Friday’s Drubbing – Silver Linings & Where Stocks May Bottom
Following up from yesterday’s video, the stock market seeks to bounce back from Friday’s holiday-shortened, 2% drubbing. Yes, no matter how the bears slice it, the decline remains only 2% and a stone’s throw from all-time highs. The bears think this is the beginning of the end for the bull market and a collapse lies in wait for 2022. The bulls find the decline “curious” and interestingly timed along with the utter collapse in oil.
One thing I have very high conviction about; this is not a repeat of March 2020.
The volatility genie is out of the bottle in what is usually a quiet time of year. When the S&P 500 has strong gains year-to-date through Thanksgiving, it continues to rally into year-end 90% of the time. I think that plays out this year as well although volatility is likely to remain heightened for a few weeks.
With that said, I do not believe Friday’s low will be the final low for 2021. Rather, after a bounce over the coming days or week, there should be a slightly lower price point than we saw on Friday. That should be the bottom that begins the traditional year-end rally by December 17 or so. In the meantime, we should be watching which indices and sectors lead on rally days and decline days. As you know, we bought biotech and added to internet last week along with large cap growth.
Here are a few key takeaways from Friday’s rout.
The NASDAQ 100, below, did not even breach its November 10 low, let alone give back November’s gains.
The energy sector closed near its high for the day and was actually up last week as you can see below.
Finally, the aforementioned biotech sector was also up last week.
I mention these as observations to what leadership may look like for the year-end rally I envision. It’s still on the early side.
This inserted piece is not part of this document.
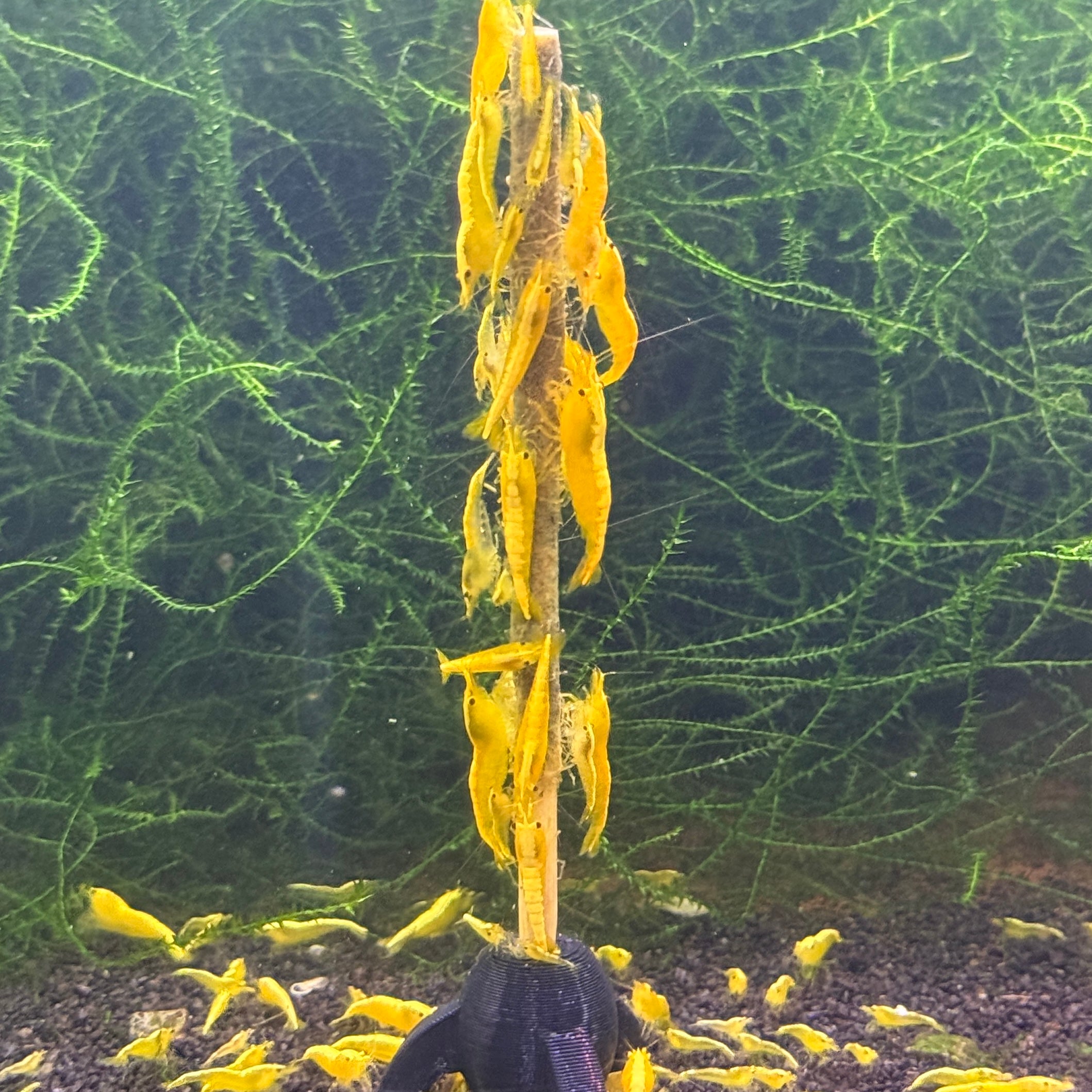 Yellow Goldenback Neocaridina Shrimp +2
Although major stock market crashes have often occurred on Mondays, 1929, 1987, 1989, it’s much more typical to see an underwhelming bounce following a Friday plunge. That’s what I am looking for today. For investors, what’s going on now is just noise and nothing to get excited about. I am more interested in harvesting losses than anything else right here, something every advisor should be doing during market bouts of weakness. For more nimble traders, there should be opportunities.